[[ Data supplied open ]]

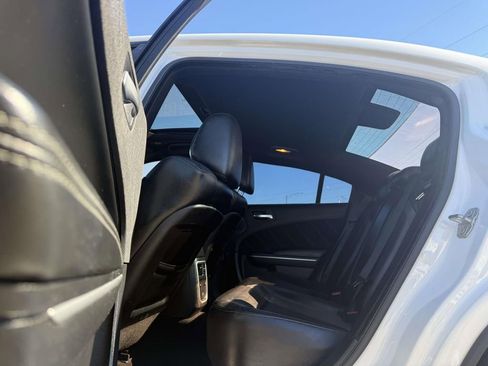 Used 2019 Dodge Charger SXT w/ Leather Interior Group image 25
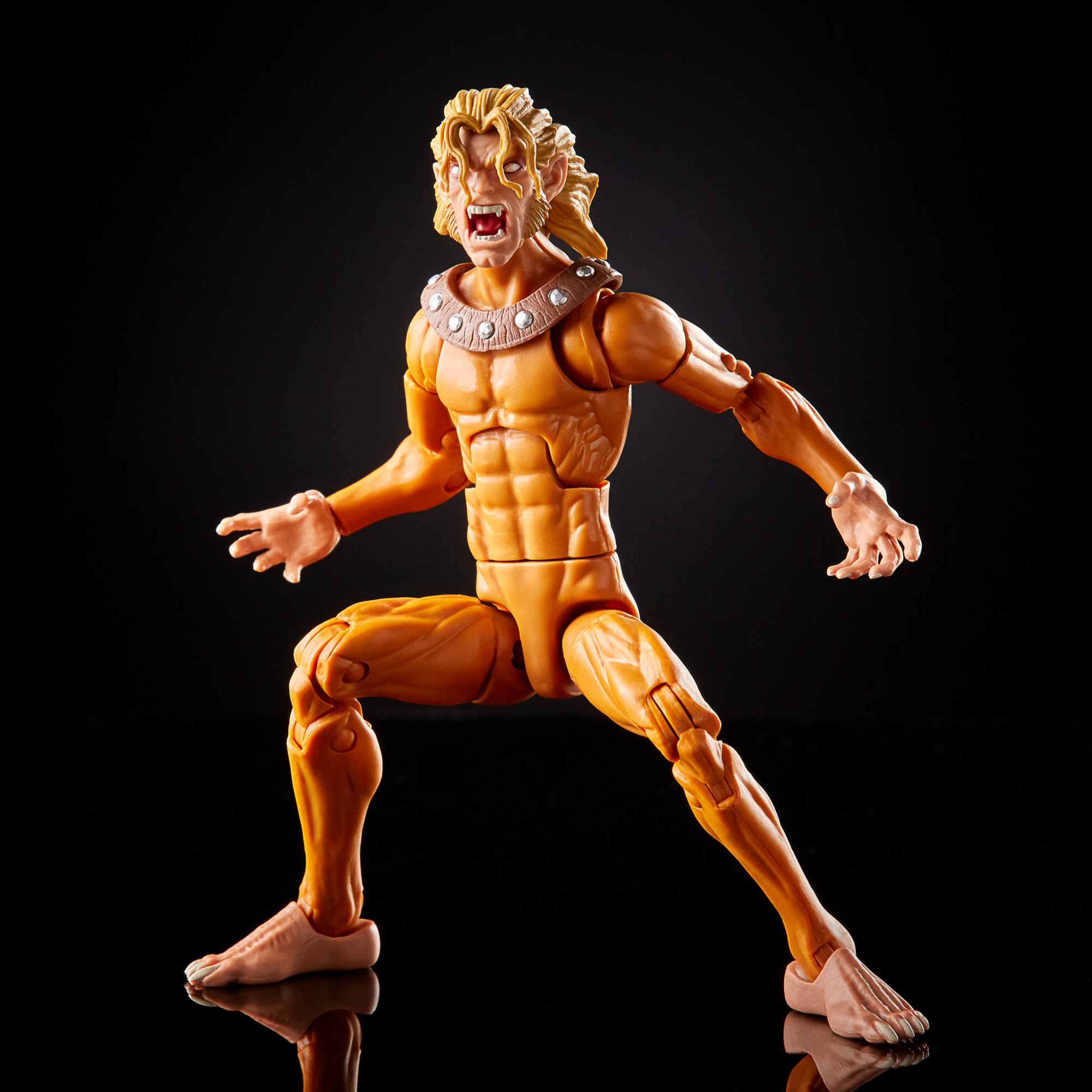Action figure di Sabretooth in posa dinamica, che mostra il suo fisico muscoloso.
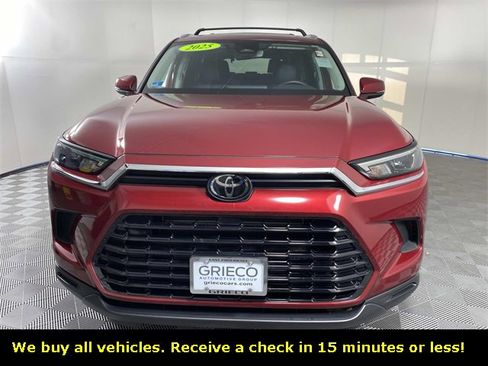 Used 2025 Toyota Grand Highlander AWD Hybrid image 3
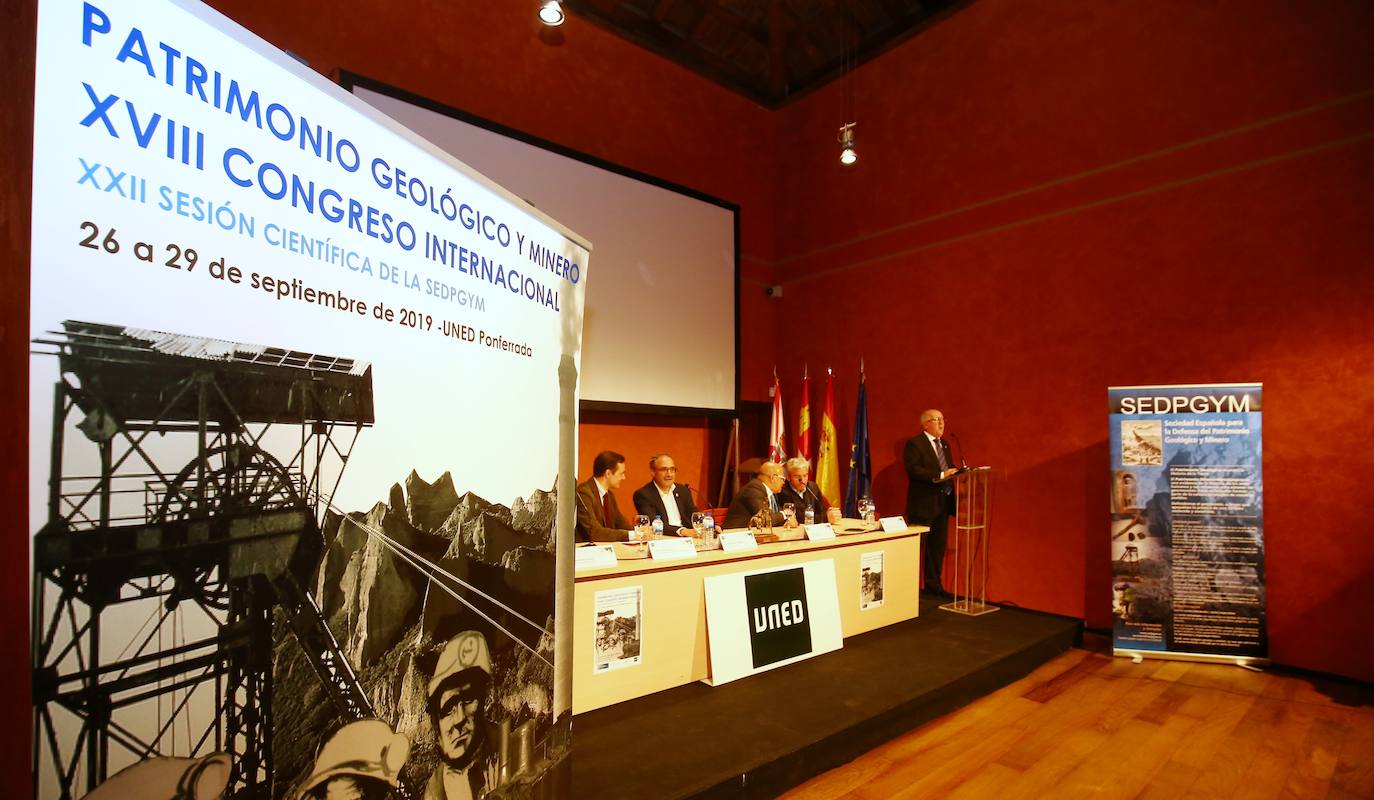 El viceconsejero de Cultura de la Junta, Raúl Fernández Sobrino (D), junto al presidente de la Sociedad Española de Patrimonio Geológico y Minero (SEDPGYM), Antonio Pizarro (I), durante la inauguración del XVIII Congreso Internacional sobre Patrimonio Geológico y Minero.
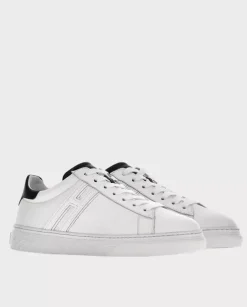 Sneakersy z czarnymi detalami H365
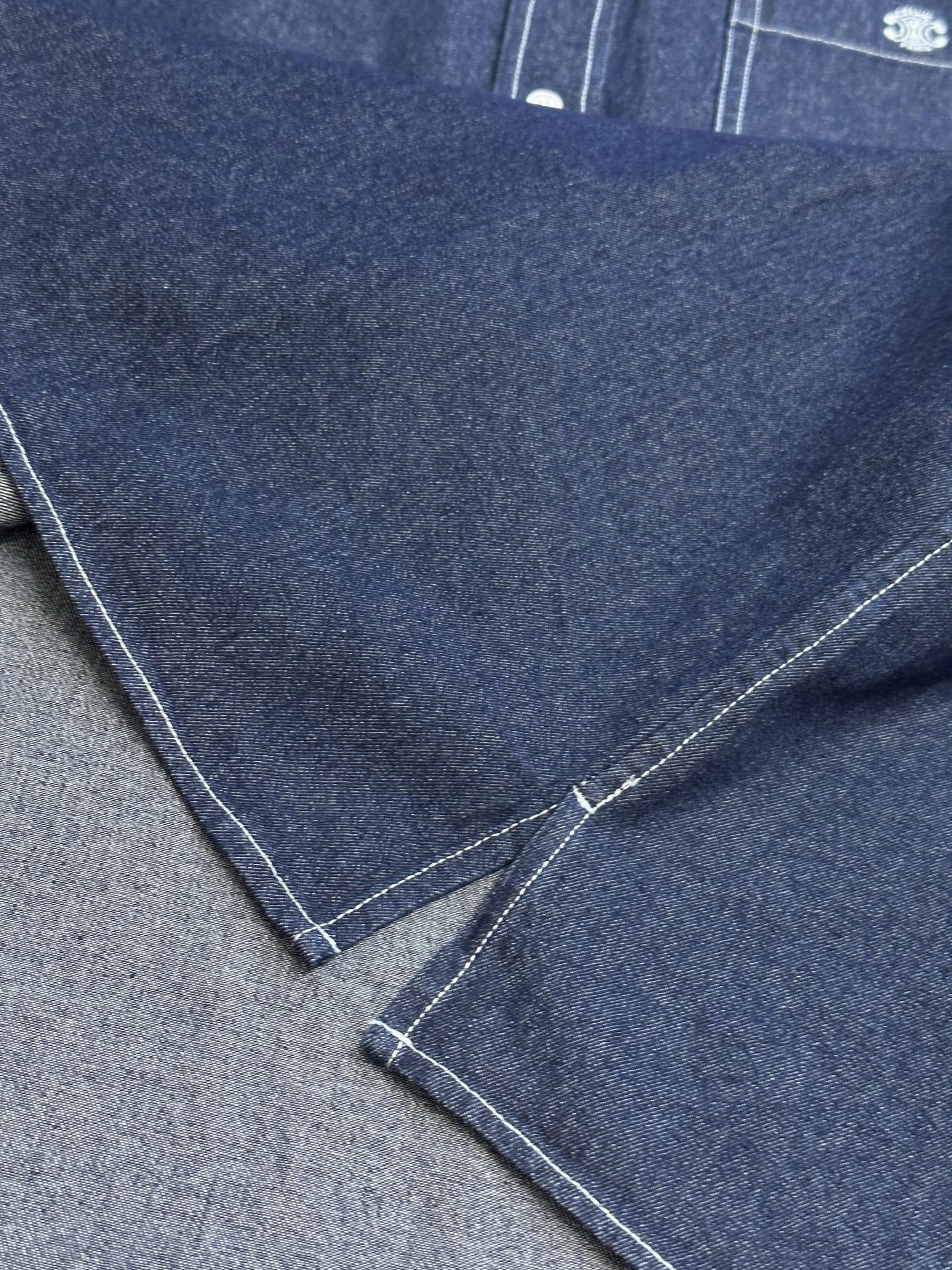 CELINE Oversized Shirt - Dark Wash（RC0BE2N67-GGG3）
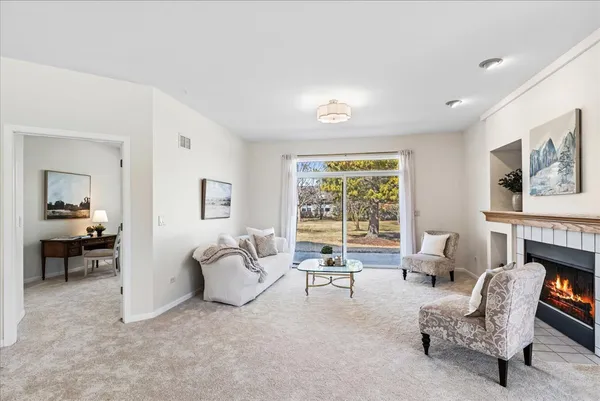 $399,000 | 2334 Meadowcroft Lane, Grayslake, IL 60030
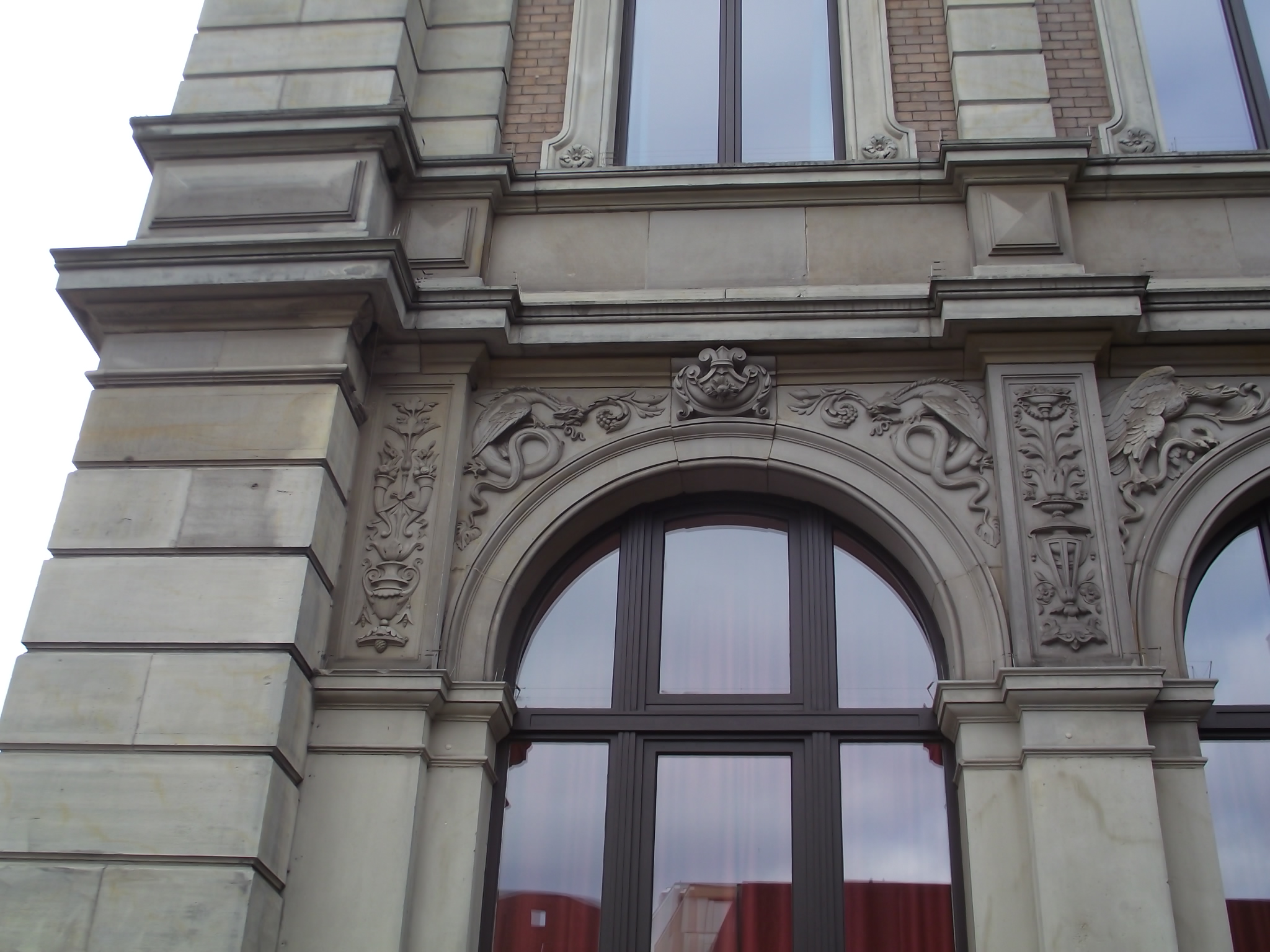 Die alte Hauptpoststelle von 1878 an der Domsheide in Bremen - jeder Bogen ist anders verziert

[[ Data supplied closed ]]

Exercise brief:
Set down the full listing above with its wording unchanged. Leave out its images.

Output below:
 Used 2019 Dodge Charger SXT w/ Leather Interior Group image 25
Action figure di Sabretooth in posa dinamica, che mostra il suo fisico muscoloso.
 Used 2025 Toyota Grand Highlander AWD Hybrid image 3
 El viceconsejero de Cultura de la Junta, Raúl Fernández Sobrino (D), junto al presidente de la Sociedad Española de Patrimonio Geológico y Minero (SEDPGYM), Antonio Pizarro (I), durante la inauguración del XVIII Congreso Internacional sobre Patrimonio Geológico y Minero.
 Sneakersy z czarnymi detalami H365
 CELINE Oversized Shirt - Dark Wash（RC0BE2N67-GGG3）
 $399,000 | 2334 Meadowcroft Lane, Grayslake, IL 60030
 Die alte Hauptpoststelle von 1878 an der Domsheide in Bremen - jeder Bogen ist anders verziert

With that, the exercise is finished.